How is this possible? According to the documentation, Paramstore is a simple key-value store; and there are only these six keys in it:

pyro.get_param_store().get_all_param_names() # .keys() method gives identical result
# result
dict_keys([
'AutoNormal.locs.bias',
'AutoNormal.scales.bias', 
'AutoNormal.locs.weight', 
'AutoNormal.scales.weight', 
'AutoNormal.locs.noise_scale', 
'AutoNormal.scales.noise_scale'])

so, there is no way that one method access one set of items and the other a different one.

Am I missing something here?


Solution

  • Here is the situation, as revealed in the Github thread I opened in parallel with this question...

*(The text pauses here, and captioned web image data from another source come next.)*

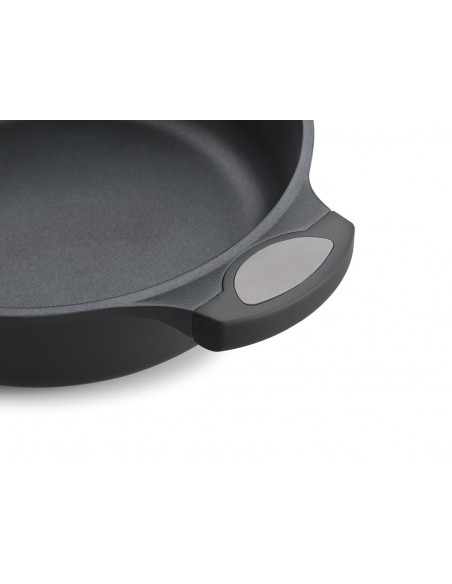 Cacerola Baja - Alza Matrix 36cm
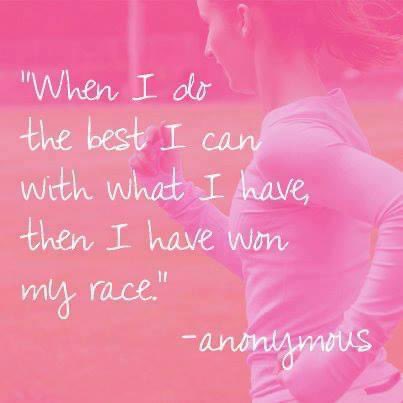 MelindaHoward4's tweet image. Saw my race pic from last weekend’s trail run and thought, I look like death!

Then I remembered I’d spent the night in the ER with kidney stones, was running on zero sleep and by this point in the race, the lovely pain meds from the hospital had worn off and I wasn’t feeling…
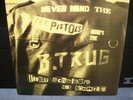B.Trug ?– 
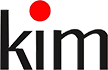 kimaccessori.it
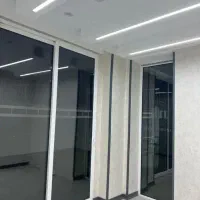 اجاره ویلایی 170 متر بر خ ارباب|اجارهٔ خانه و ویلا|اصفهان, تخت فولاد|دیوار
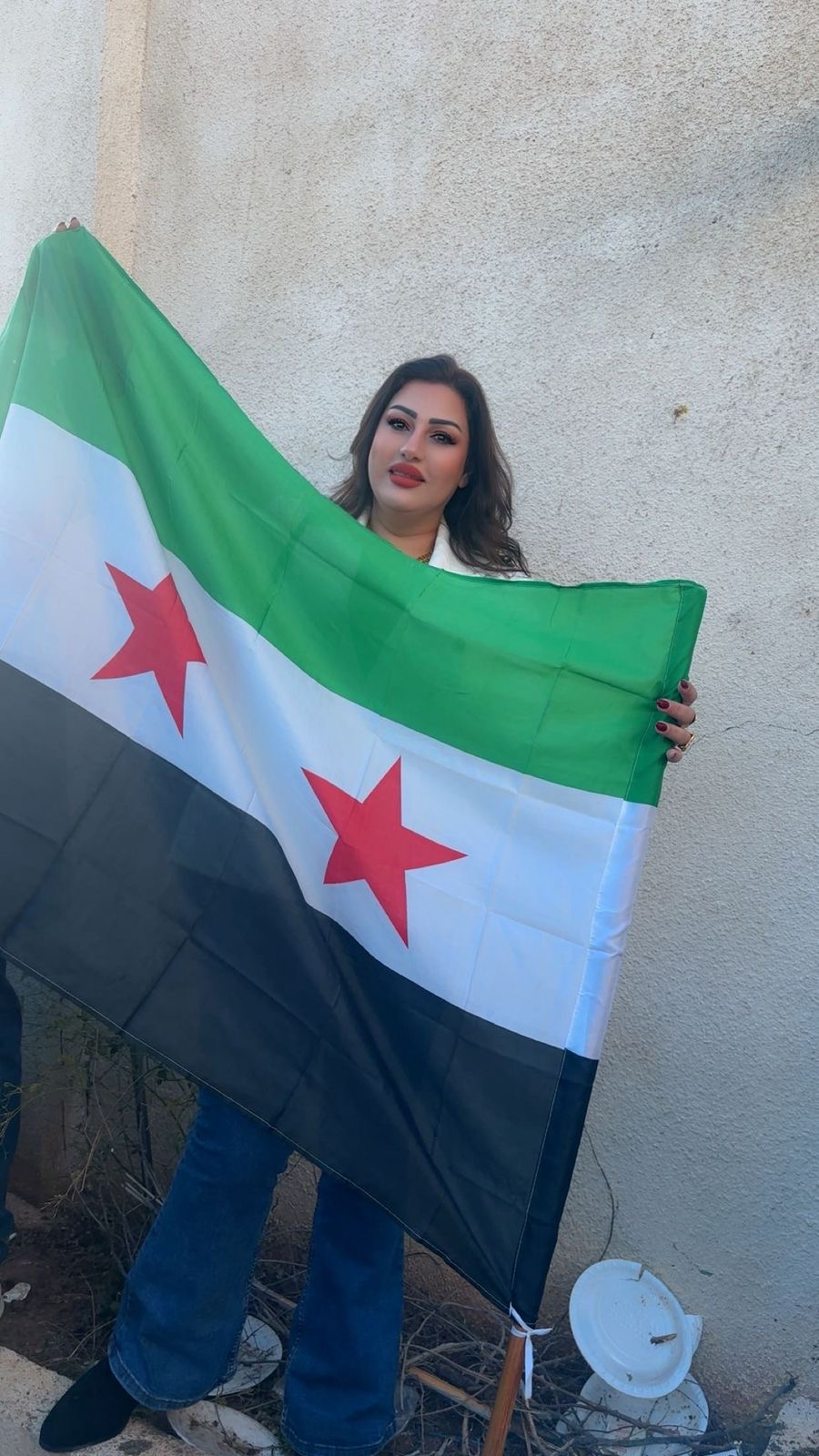 Madar Al-Saa Images 0.451456474243334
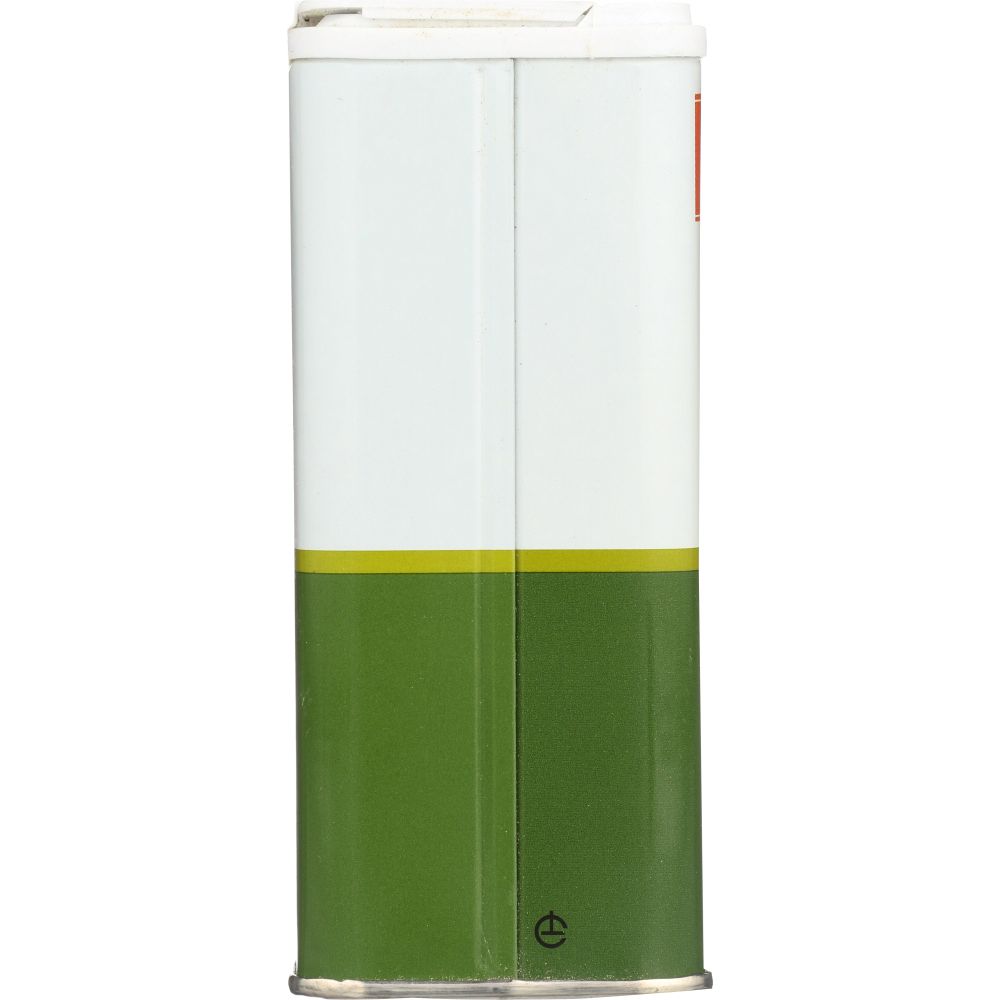 Product GDS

    Paramstore is no more just a simple key-value store - it also performs constraint transformations; quoting a Pyro developer from the above link:

    here's some historical background. The ParamStore was originally just a key-value store. Then we added support for constrained parameters; this introduced a new layer of separation between user-facing constrained values and internal unconstrained values. We created a new dict-like user-facing interface that exposed only constrained values, but to keep backwards compatibility with old code we kept the old interface around. The two interfaces are distinguished in the source files [...] but as you observe it looks like we forgot to mark the old interface as DEPRECATED.

    I guess in clarifying docs we should:

    1. clarify that the ParamStore is no longer a simple key-value store but also performs constraint transforms;

    2. mark all "old" style interface methods as DEPRECATED;

    3. remove "old" style interface usage from examples and tutorials.

    As a consequence, it turns out that, while pyro.param() returns the results in the constrained (user-facing) space, the older method named_parameters() returns the unconstrained (i.e. for internal use only) values, hence the apparent discrepancy.

    It's not difficult to verify indeed that the scales values returned by the two methods above are related by a logarithmic transformation:

    import numpy as np
    items = list(pyro.get_param_store().named_parameters())  # unconstrained space
    
    i = 0
    for name in pyro.get_param_store().keys():  
      if 'scales' in name:
        temp = np.log(
                      pyro.param(name).item()  # constrained space
                     )
        print(temp, items[i][1][0].item() , np.allclose(temp, items[i][1][0].item()))
      i+=1
    
    # result:
    -5.027793402915326 -5.0277934074401855 True
    -4.600319371162187 -4.6003193855285645 True
    -3.3920585732532835 -3.3920586109161377 True
    

    Why does this discrepancy affect only scales parameters? That's because scales (i.e. essentially variances) are by definition constrained to be positive; that doesn't hold for locs (i.e. means), which are not constrained, hence the two representations coincide for them.

    As a result of the question above, a new bullet has now been added in the Paramstore documentation, giving a relevant hint:

    in general parameters are associated with both constrained and unconstrained values. for example, under the hood a parameter that is constrained to be positive is represented as an unconstrained tensor in log space.

    as well as in the documentation of the named_parameters() method of the old interface:

    Note that, in the event the parameter is constrained, unconstrained_value is in the unconstrained space implicitly used by the constraint.